About this Event
It's a twofer: at 2pm Jennifer Young and Elissa Sampson will speak about three feminist figures pivotal to the founding of the IWO's interracial left and the new lessons that can be learned from the Old Left. Our panel, with the incredible Jenny Romaine, will dive into the musical, artistic and political interweaving of feminist Jewish and Black identity in programmatic political work and cultural productions prior to the 1960s mainstream civil rights movement. Meet Clara Lemlich Shavelson, Louise Thompson Patterson, June Gordon who worked together in the International Workers Order (IWO), a left wing, pro-Soviet fraternal group that was not part of the Communist Party but was within its orbit.
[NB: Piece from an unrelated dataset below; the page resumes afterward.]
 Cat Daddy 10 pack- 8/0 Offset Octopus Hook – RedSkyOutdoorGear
Then another very special guest, Ethel Raim from the Jewish Young Folksingers and the Center for Traditional Music, will bring us into the world of integrated Yiddish choruses and folk performance that persisted and succeeded during the Cold War after the IWO (International Workers Order) and its Jewish Section were legally shutdown in 1954.
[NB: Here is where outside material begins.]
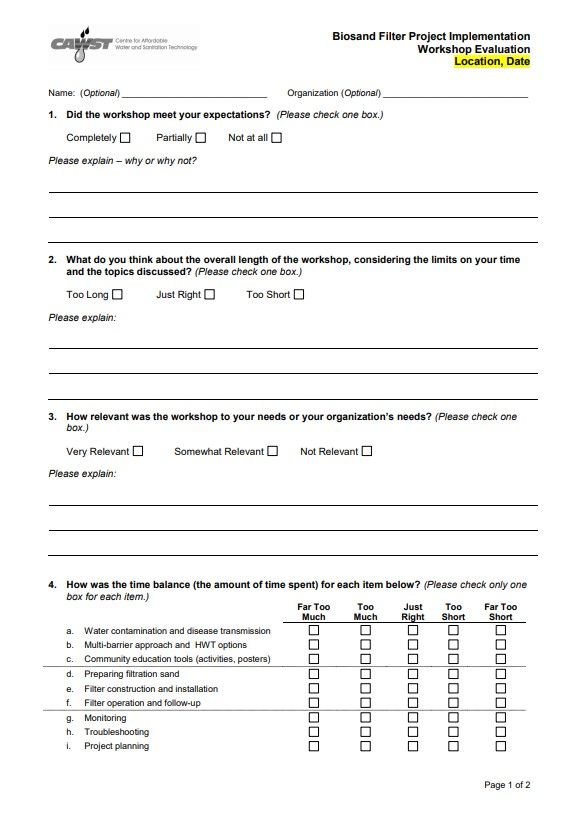 Biosand Filter | WASH Resources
The Order, which was founded by Yiddish speakers in 1930, decided to be interracial and interethnic and invited in other groups into its fraternal umbrella which did not discriminate on the basis of race or religion and made no profit on its safety-net life and health insurance offerings which included reproductive health. 90% of the Order’s had no connection to the Communist Party even though the Order was shut down and its members lost their benefits due to the Red Scare during the Cold War which was connected to the IWO's interracialism. The three women that we are highlighting here lived in precarious poverty and in fear of legal persecution for much of their lives at a moment in time which may resonate today.
We will end with our special guest Ethel Raim, who was a Jewish Young Folksinger (JYF), a very special singer in an "integrated" choral group founded by the Jewish Section of the International Workers Order, the JPFO. The Folksingers offer a wonderful in-your-face model of continuity and of community building through music during the Cold War. Their model was built on the footsteps of others and we follow their footsteps.
Please note that there is limited seating and this is a live event.